Trudeau is seeking a second term as prime minister -- weighed down by scandal and voter fatigue but still poised to win more districts than any of his rivals, based on polling projections at the end of the campaign. Trudeau and Conservative Leader Andrew Scheer were tied in popular support for much of the final week, though Trudeau’s support is spread more widely and in vote-rich regions like Ontario and Quebec.

No party looks poised to win 170 districts required for a majority, meaning the winner will likely require the support of other parties to pass laws. As the incumbent, Trudeau has the right to continue to govern and test parliament for support, even if he wins fewer districts than Scheer.

If Trudeau tries to govern with or without a plurality, it will likely force a leftward shift in his agenda.
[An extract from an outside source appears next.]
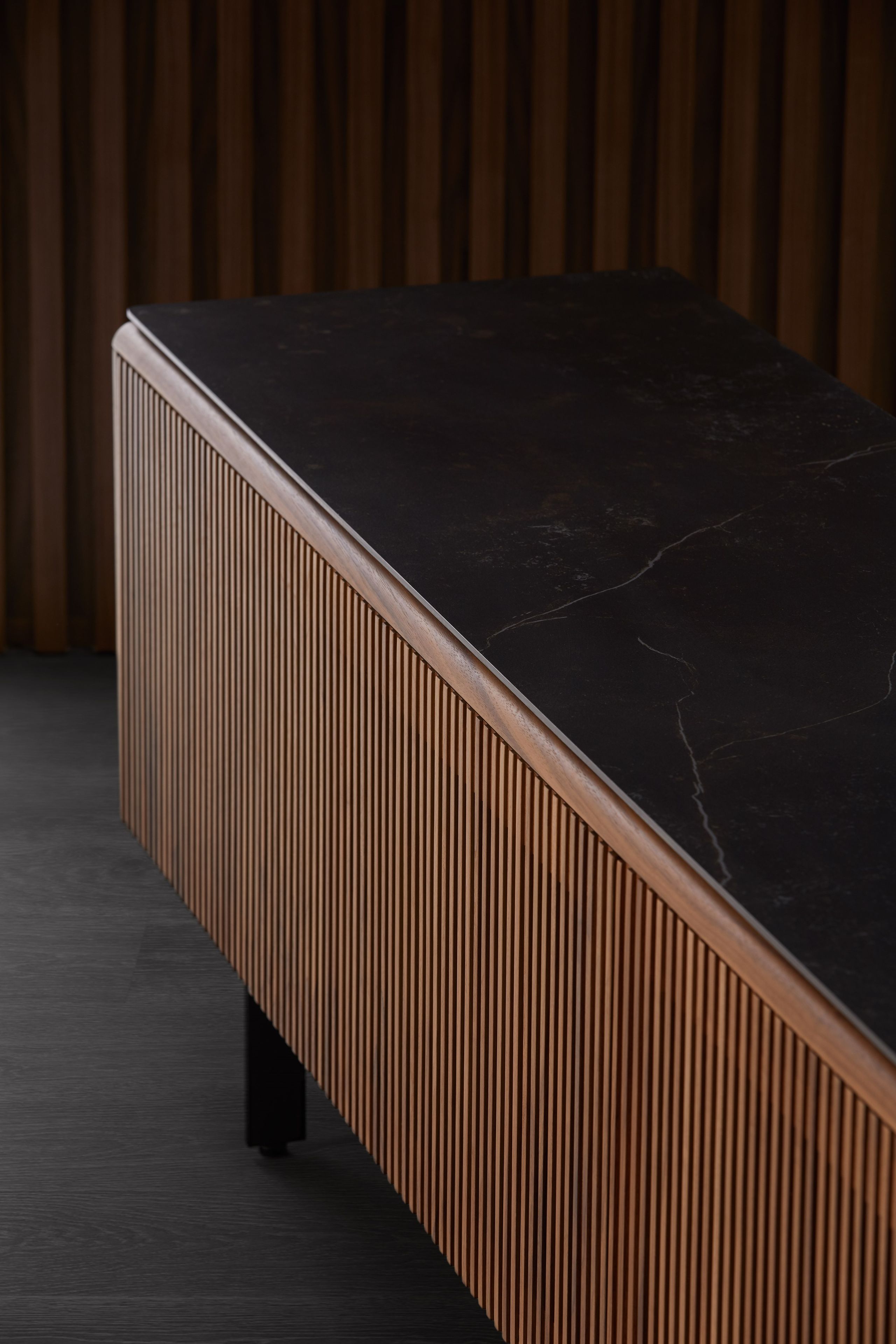 Деревянный шкаф для телевизора с откидными дверцами Punt Мальме ARCH-00024058 - Вид №17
His most natural partner is the New Democratic Party, which is anti-pipeline, and wants more aggressive moves to combat climate change, higher taxes for companies and the wealthy, and the creation of new universal social programs.

A Liberal government propped up by the NDP wouldn’t be an ideal scenario for Canada’s energy sector, already saddled with reduced oil prices due to pipeline bottlenecks. The prospect of that loose alliance may also send the Canadian dollar lower.

There are many wild cards, including voter turnout, the strength of the separatist Bloc Quebecois, and whether Toronto’s vote-rich suburbs will break Trudeau’s way. The biggest question mark may lie on the West Coast. British Columbia, Canada’s third-most-populous province, looks like a dead heat among the Liberals, Conservatives and the NDP led by Jagmeet Singh.

Minority governments are not uncommon in Canada -- it’s happened in three of the previous five elections. Precedent suggests that any prime minister, faced with a minority, would likely pass laws on an issue-by-issue basis with support from one or two other parties, rather than establish a formal coalition.

The polls in Ontario and Quebec, provinces with almost 200 seats at stake, close at 9:30 p.m. Eastern time, followed by British Columbia at 10 p.m. Voter turnout in the last election was 68%, the highest in 22 years.